Migrant Women’s Political Activism: Global Perspectives
Still from short film, “My shadow is a word writing itself across time,” which examines histories of aggression in the abandoned site of Manzanar, California, one of many sites of Japanese immigrant incarceration in the US, Film by Gazelle Samizay and Sahar Muradi.
This engaged learning course examines the tools, ideas, and practices of migrant women-led political activism both historically and in the present day. We begin with the question of what insights do we gain when we foreground human mobility (i.e. migration) and gender in our understandings of political and social change? We look at the ways in which migrant women throughout the world have organized and mobilized around a range of causes and ideas, from political inclusion to decolonization to racial justice to reproductive freedom, among many others. Their experiences are a window into different ideas of what counts as a social movement, solidarity, intersectionality, and justice. Through examining the writings of migrant women activists alongside texts and media in anthropology, history, and cultural theory, we ask what such efforts can teach us about migrant women's roles in long-standing struggles for human flourishing and equality. Throughout the semester, we will be joined by guest lecturers who will discuss their own creative work, activism, and how art meets the political.

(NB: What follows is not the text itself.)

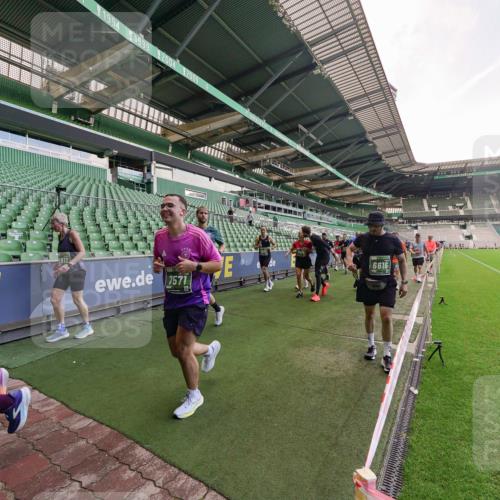 13.09.2026 - 21. swb-Marathon Bremen Michael Burmester http://msf.ph/oto/10317196 13.09.2026 13:14:31 Laufen im Stadion 266, 270, 278, 300, 414, 460, 576, 600, 631, 768, 950, 956, 1005, 1008, 1047, 1143, 1392, 1408, 1426, 1573, 1596, 1641, 1818, 1819, 1991, 2024, 2035, 2079, 2233, 2235, 2314, 2359, 2387, 2412, 2439, 2457, 2466, 2484, 2494, 2521, 2540, 2564, 2612, 2665, 2690, 2691, 2693, 2737, 2773, 2816, 2829, 2838, 2861, 2865, 2887, 2921, 2958, 2972, 2978, 3016, 3111, 3209, 3253, 3277, 3304, 3313, 3355, 3378, 3405, 3428, 3653, 3661, 3670, 3680, 3829, 4034, 4080, 4306, 703 meine-sportfotos.de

We ask how migrant women respond to conditions of economic, political, and cultural precarity during the migration journey through different modes of resistance and refusal. We will look at how political participation gets shaped by different national, regional, and local political agendas and policies, and how such forms of politics reshape regimes of border control. Drawing from anthropology, history, postcolonial studies, feminist theory, cultural theory, and migration studies, we will think about gender and human mobility together in order to reveal how women are resisting, refusing, and recreating politics, society, and culture. Through focusing on trajectories of activism that are non-linear (such as transnational feminism), we also ask how political solidarities and projects form across national boundaries. By privileging the voices of women from the global South who have experienced different aspects of migration, from the refugee camp, to the detention center, to resettlement, to citizenship (broadly defined), students will develop an introductory understanding of how gender and political recognition intersect to produce specific ideals around social justice that are emerging in the wake of the human fallout of racial capitalism, neoimperial wars, and protracted global conflict. Other questions this course examines include: What does it mean to address social injustice in the aftermath of displacement, migration, resettlement, and ongoing material and political uncertainty? How do migrant women and the communities to which they are attached, create a sense of place in situations of political transition, material precarity, and cultural marginalization? How do the enduring legacies of settler colonialism and imperialism impact what equality, justice, and community well-being look like for migrant communities today? What are the possibilities and limitations of political dissent, resistance, refusal, rejection, and disruption in building new liberatory imaginaries and futures.